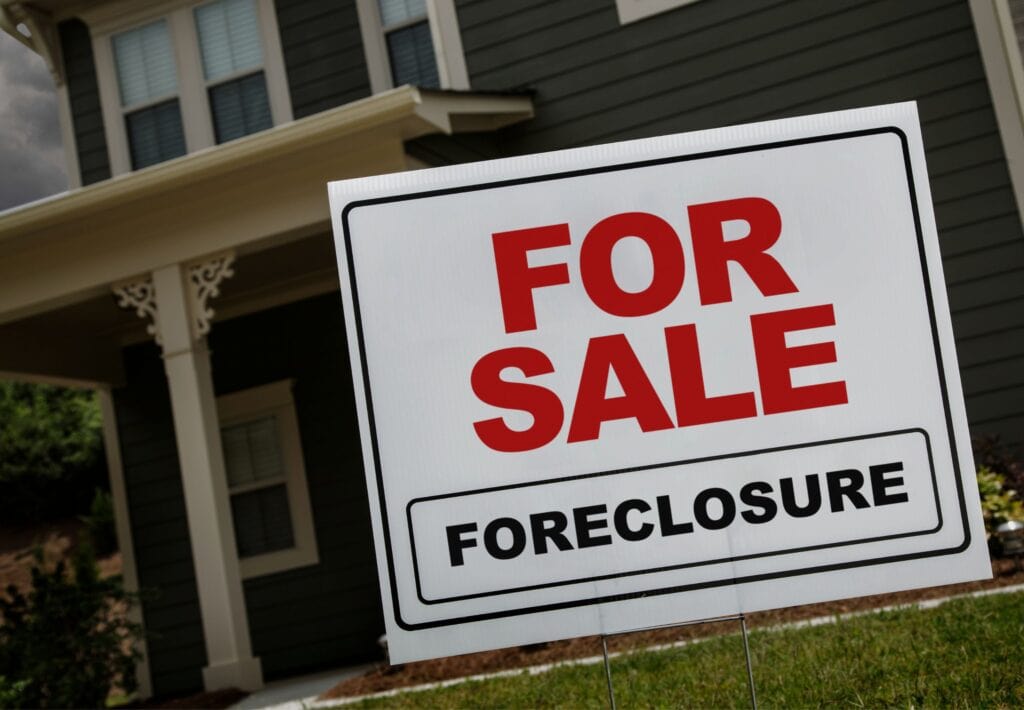 foreclosure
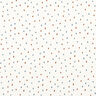 jersey di cotone Macchie di pennello – bianco lana,  thumbnail number 1
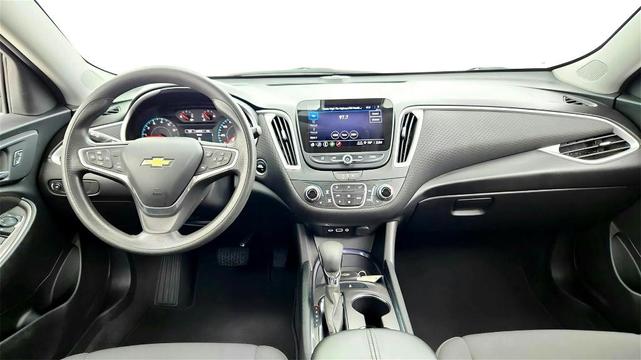 Photo of 2023 Gray Chevrolet Malibu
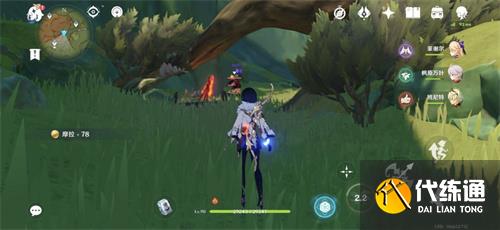 原神往日的桓那兰那七个深渊法师位置在哪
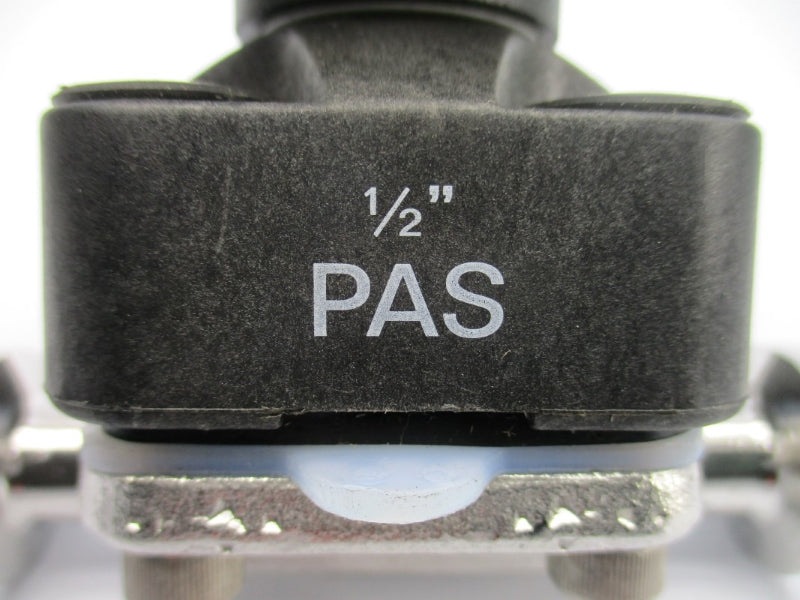 VALVE PAS 1/2" NSNP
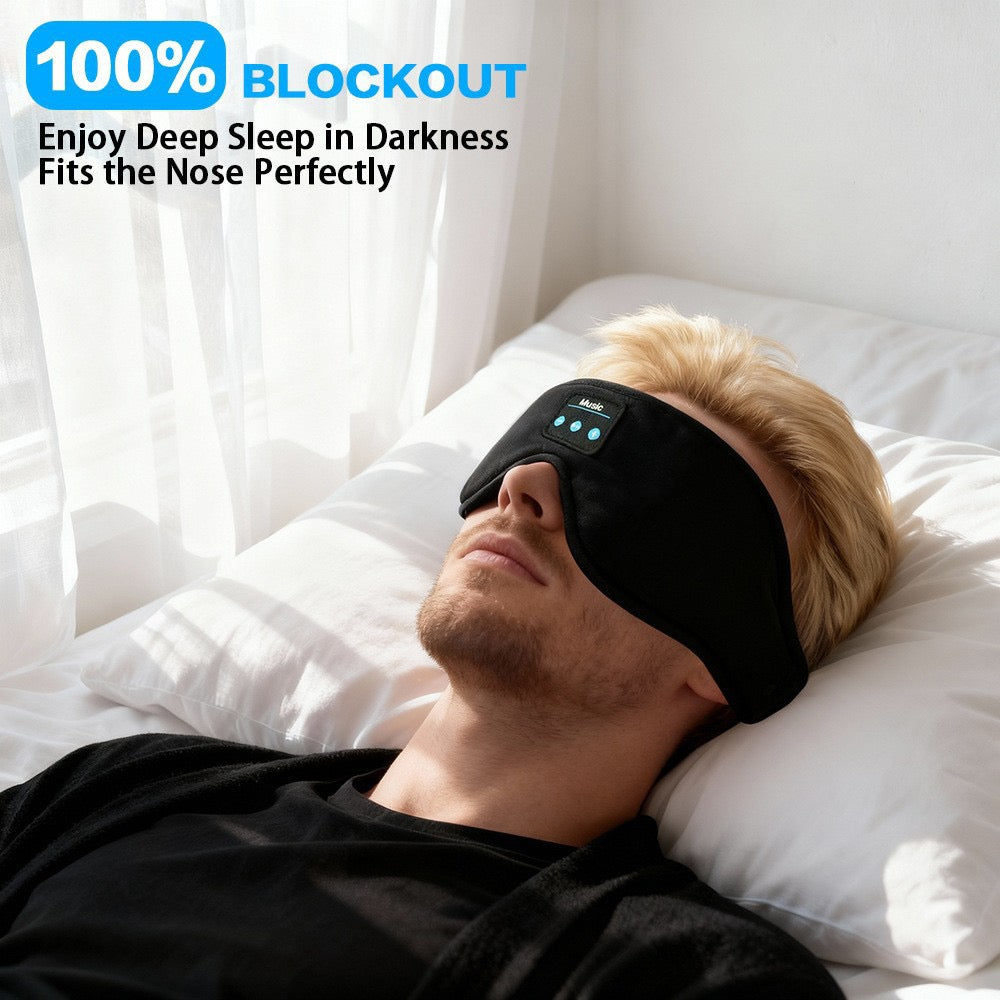 Bluetooth Sleep Mask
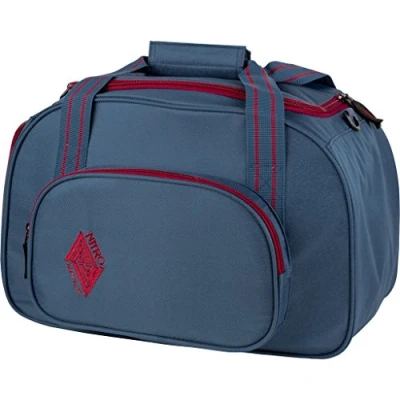 Abbildung von Nitro Sporttasche Duffle Bag XS, Schulsporttasche, Reisetasche, Weekender, Fitnesstasche, 40 x 23 cm, 35 L, 1131 878019_ Blue Steel
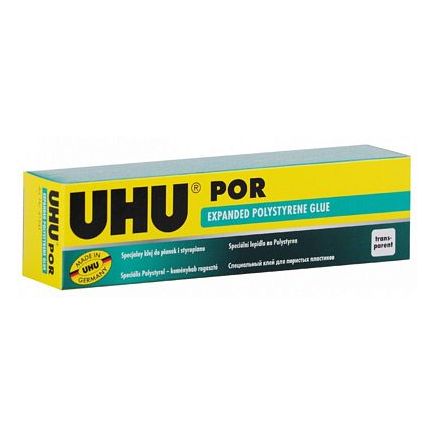 UHU Styrofoam Adhesive - 40g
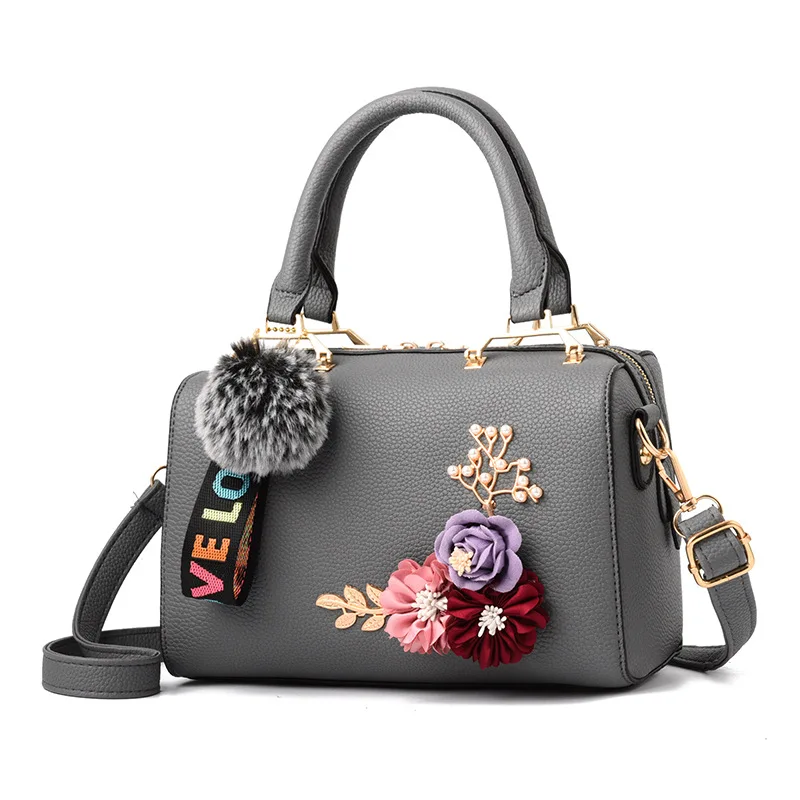 Женская сумка YINGPEI винтажная Повседневная Сумка тоут с верхней ручкой женские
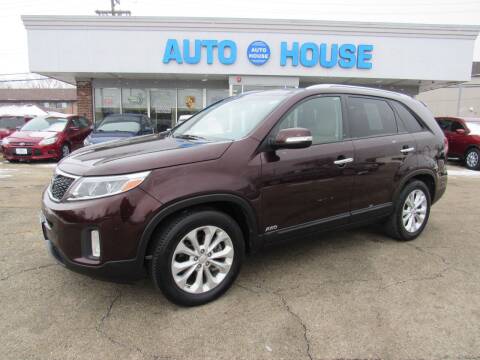 2014 Kia Sorento for sale at Auto House Motors - Downers Grove in Downers Grove IL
□ □ □ □
What the exercise asks> Restate the material above word for word, so that nothing changes except that the pictures are gone.

Exercise response>
 foreclosure
 jersey di cotone Macchie di pennello – bianco lana,  thumbnail number 1
 Photo of 2023 Gray Chevrolet Malibu
 原神往日的桓那兰那七个深渊法师位置在哪
 VALVE PAS 1/2" NSNP
 Bluetooth Sleep Mask
 Abbildung von Nitro Sporttasche Duffle Bag XS, Schulsporttasche, Reisetasche, Weekender, Fitnesstasche, 40 x 23 cm, 35 L, 1131 878019_ Blue Steel
 UHU Styrofoam Adhesive - 40g
 Женская сумка YINGPEI винтажная Повседневная Сумка тоут с верхней ручкой женские
 2014 Kia Sorento for sale at Auto House Motors - Downers Grove in Downers Grove IL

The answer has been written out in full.